Levine and Kearney see the study as a clear lesson in the value of a (very cheap) mass-media complement to preschool. The potentially controversial implication they embrace from the study isn't about early-childhood education. It's about college, and the trend toward low-cost massive open online courses, or MOOCs.

"Sesame Street," Levine and Kearney write, was the original MOOC. "If we can do this with 'Sesame Street' on television, we can potentially do this with all sorts of electronic communications," Kearney said in an interview. "It's encouraging because it means we might be able to make real progress in ways that are affordable and scalable."

The research can't say whether the show continues to deliver such high benefits to children, said Diane Whitmore Schanzenbach, an economist at Northwestern University's School of Education and Social Policy, who has read drafts of the paper and given feedback to the authors.

But, she said, it clearly shows "the importance of childhood education, which is really having its moment right now."

The economists' study was brought to you, so to speak, by the letters U, H and F.

"Sesame Street" debuted in 1969 with a diverse cast of humans and brightly colored fuzzy Muppets, including Oscar the Grouch, Bert and Ernie, and, of course, Big Bird.
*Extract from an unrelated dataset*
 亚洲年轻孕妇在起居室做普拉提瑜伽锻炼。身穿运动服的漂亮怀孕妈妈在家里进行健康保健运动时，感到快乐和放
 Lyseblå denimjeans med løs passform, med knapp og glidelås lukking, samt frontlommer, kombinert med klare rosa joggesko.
It was the country's first explicitly educational children's program, and it was an immediate hit: In the early 1970s, one-third of all American toddlers watched it.

That's a Super Bowl-level audience share. But it's even more striking because another third of the nation's toddlers couldn't have watched the show if they wanted to — they didn't have the right kind of antenna to tune in to their local public television station.
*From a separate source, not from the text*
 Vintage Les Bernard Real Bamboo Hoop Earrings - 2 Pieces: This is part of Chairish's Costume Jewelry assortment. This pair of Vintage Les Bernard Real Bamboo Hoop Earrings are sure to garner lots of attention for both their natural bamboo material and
This was well before the popularization of cable. TV broadcasts arrived over the air, on two different kinds of signals. The higher-quality signal was known as VHF, or Channels 1 to 13 on a standard TV set. The lower-quality signal was called UHF, and many households at that time were unable to tune it in. By a quirk of federal licensing, the public broadcasting channels in many major cities, including New York and Boston, aired on VHF channels, while others, including Los Angeles and Washington, aired on UHF.
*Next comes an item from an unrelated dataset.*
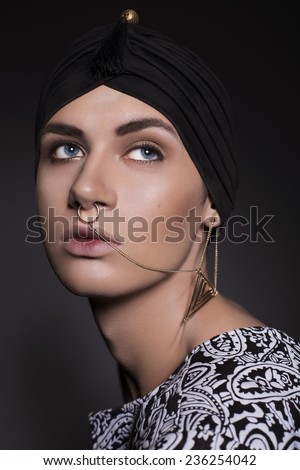 Close up portrait of a Young beautiful man in turban and with chains on his face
As a result, about two-thirds of the nation's households were able to watch "Sesame Street." The other third weren't.

Levine read about that divide in early 2014. He realized it was the sort of rare natural experiment that economists live for — two groups of people, divvied up by fate and the Federal Communications Commission, who could be compared over time to see whether there was a difference in their educational outcomes.

"It's econometrically phenomenal," he said, "because it's essentially random, who had UHF and who had VHF."

Levine and Kearney pinpointed which cities had high or low levels of access to the show. Then they used census data to track children from those cities throughout school, to see whether they were staying at grade level. They couldn't study individual people, or even determine whether people in particular areas watched the show. But they found a large and statistically meaningful effect on the educational progress of children who, because of where they lived, were much more likely to be able to watch. (The effect appears to fade out before high school graduation, they also found.)

"Sesame Street" writers design their shows to have those effects.

From the start, the program rooted its scripts in an academic curriculum designed to help children — particularly low-income urban kids — prepare for school.

At first the writers focused on basics: letters, numbers, cooperation. Over the decades they expanded to incorporate research on what children needed to succeed in the classroom and in life. "We're constantly changing the show, for good reasons," said Rosemarie Truglio, the senior vice president of global educational content at Sesame Workshop.

When writers wanted to emphasize science learning, Truglio said in an interview in "Sesame Street" offices just off Central Park in Manhattan, they turned the inquisitive monster Super Grover into a one-Muppet embodiment of the scientific method.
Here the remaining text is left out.